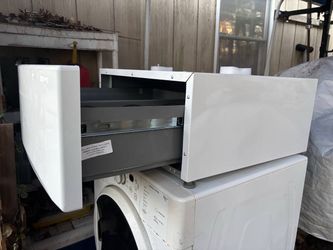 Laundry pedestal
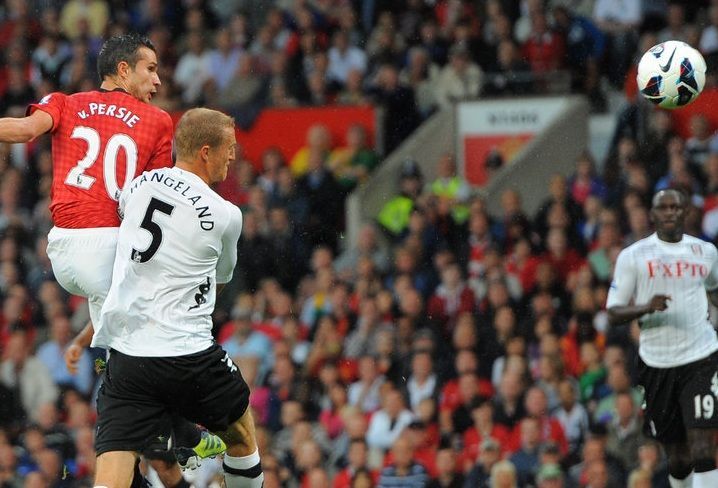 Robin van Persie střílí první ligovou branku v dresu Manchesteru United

==

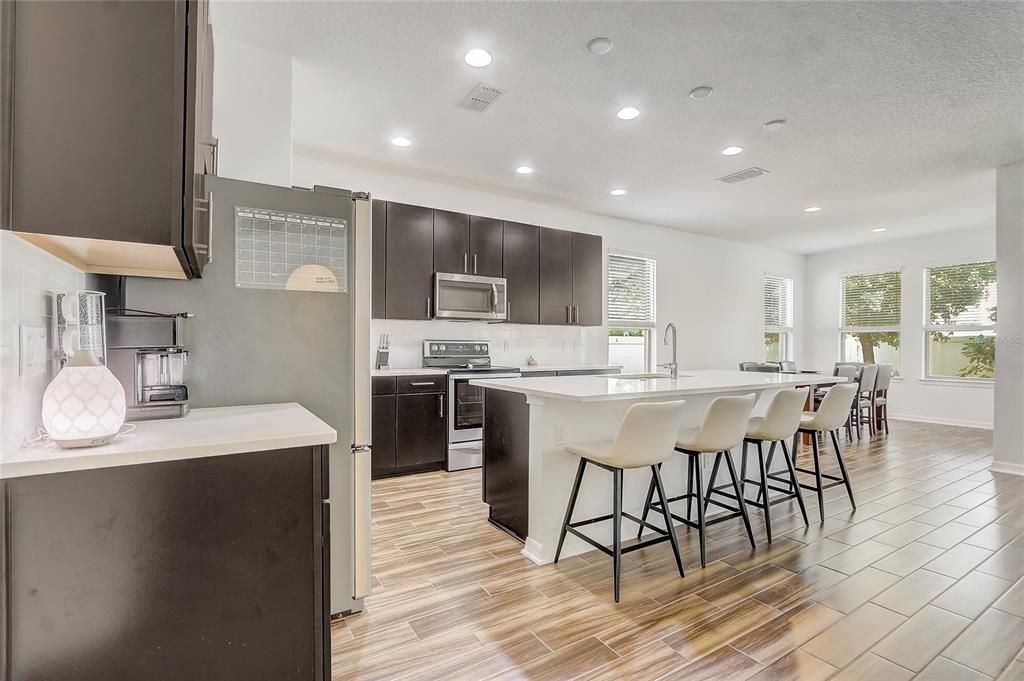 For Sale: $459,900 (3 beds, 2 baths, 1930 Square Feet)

§ Exercise requirements:
From the records above, copy only the lines running from the line containing "Laundry pedestal" to the line containing "Robin van Persie", both ends included. Leave the pictures out.

§ Answer below:
 Laundry pedestal
 Robin van Persie střílí první ligovou branku v dresu Manchesteru United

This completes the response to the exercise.